Instructions for the task:
Please output only the lines running from the one that contains "Namaste, Hamesha Khushroha" through the last line of the data below, exactly as they stand, with no pictures.

Raw data:

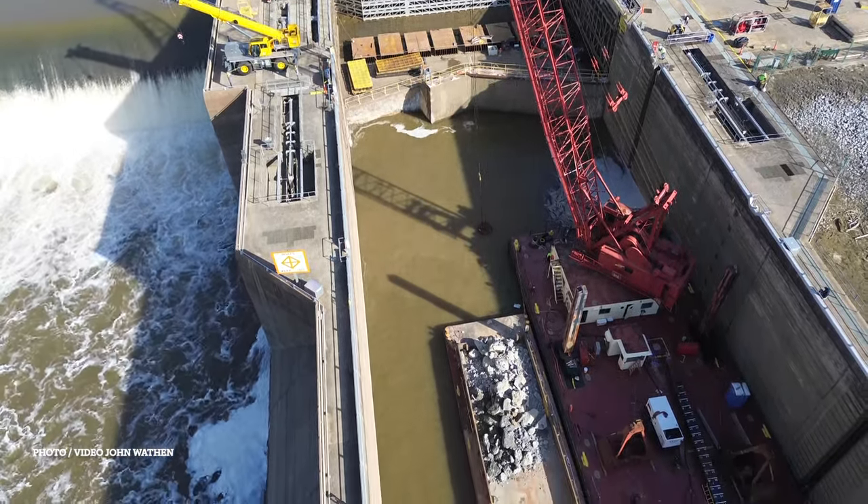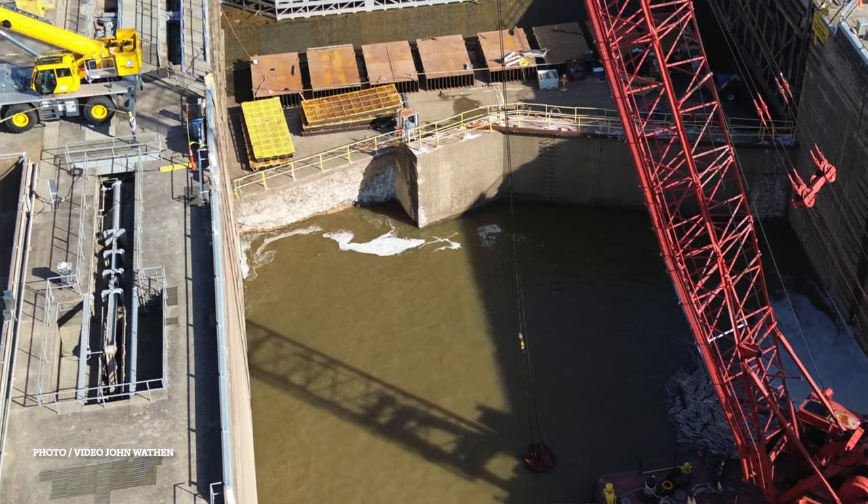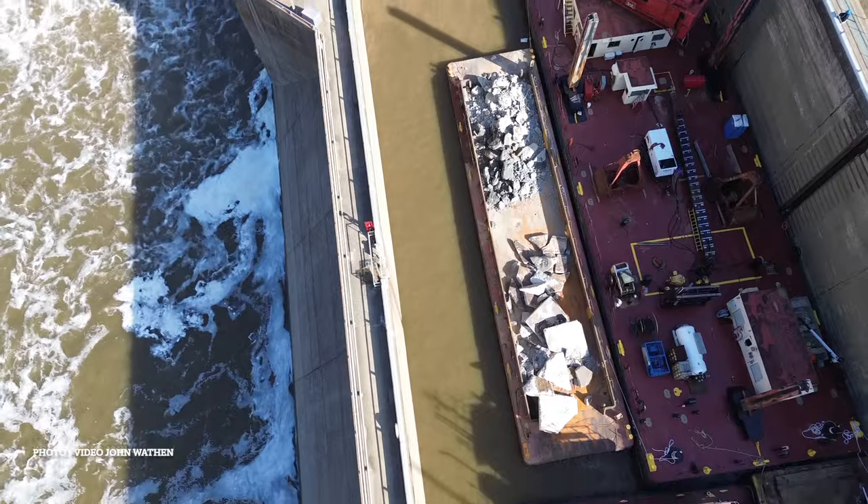It looks like all the concrete forms are stacked up on the miter sill and the hole has been cleaned and made ready for new concrete.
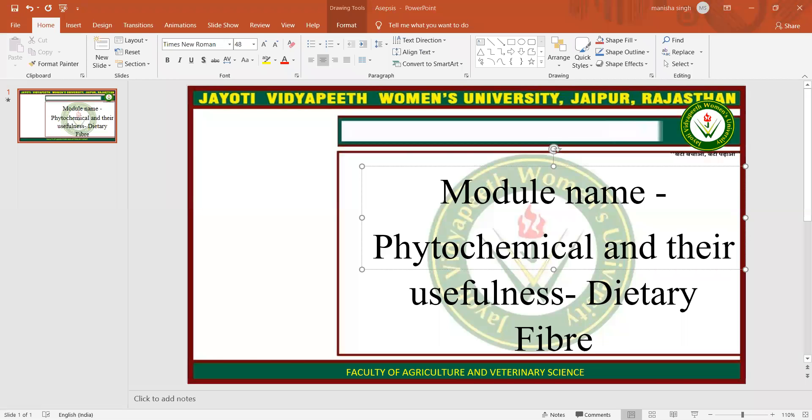Namaste, Hamesha Khushroha Bhatia. My name is Manisha Singh. Today, I am teaching you phytochemicals and their usefulness in dietary fibers.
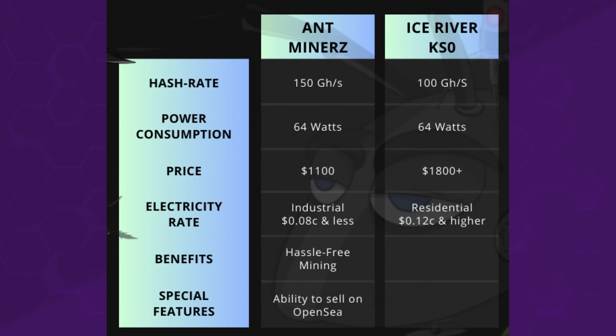If you wanted to do this yourself, you could go out and buy your own mining rig — you could buy an Ice River KS0. You would get about 50% less hash rate than you would with Ant Miners, and you'd be paying for the electricity costs, the setup, getting it configured, looking after its environment — all that stuff. If you were looking to buy one of these Ice River miners, you're going to pay about $1,800, and then you've got your own hosting costs on top of that.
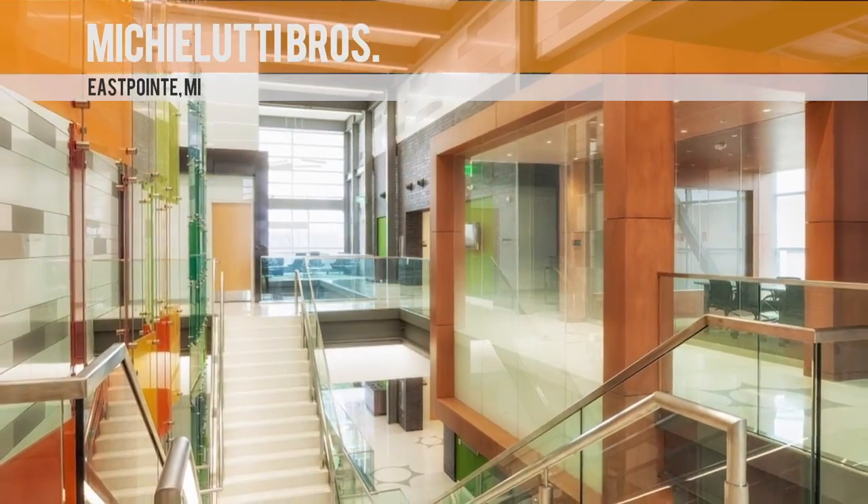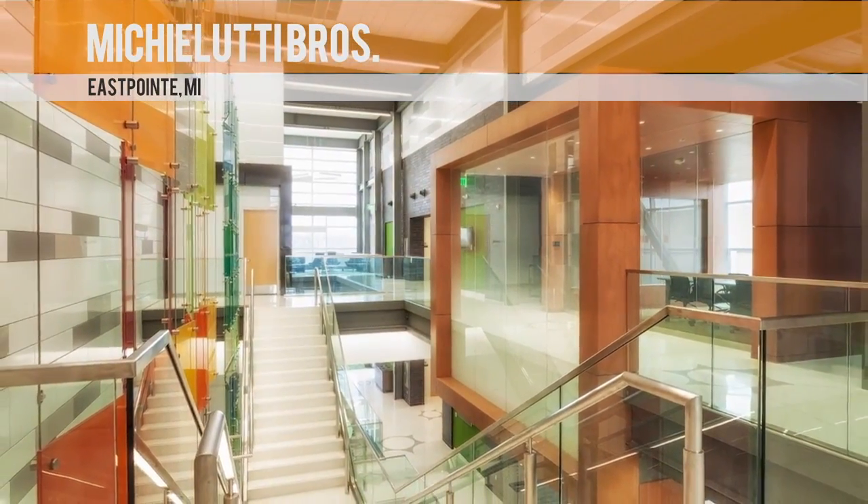Congratulations go to Michalooty Brothers of East Point, Michigan for this impressive job.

Answer to the exercise:
Namaste, Hamesha Khushroha Bhatia. My name is Manisha Singh. Today, I am teaching you phytochemicals and their usefulness in dietary fibers.
If you wanted to do this yourself, you could go out and buy your own mining rig — you could buy an Ice River KS0. You would get about 50% less hash rate than you would with Ant Miners, and you'd be paying for the electricity costs, the setup, getting it configured, looking after its environment — all that stuff. If you were looking to buy one of these Ice River miners, you're going to pay about $1,800, and then you've got your own hosting costs on top of that.
Congratulations go to Michalooty Brothers of East Point, Michigan for this impressive job.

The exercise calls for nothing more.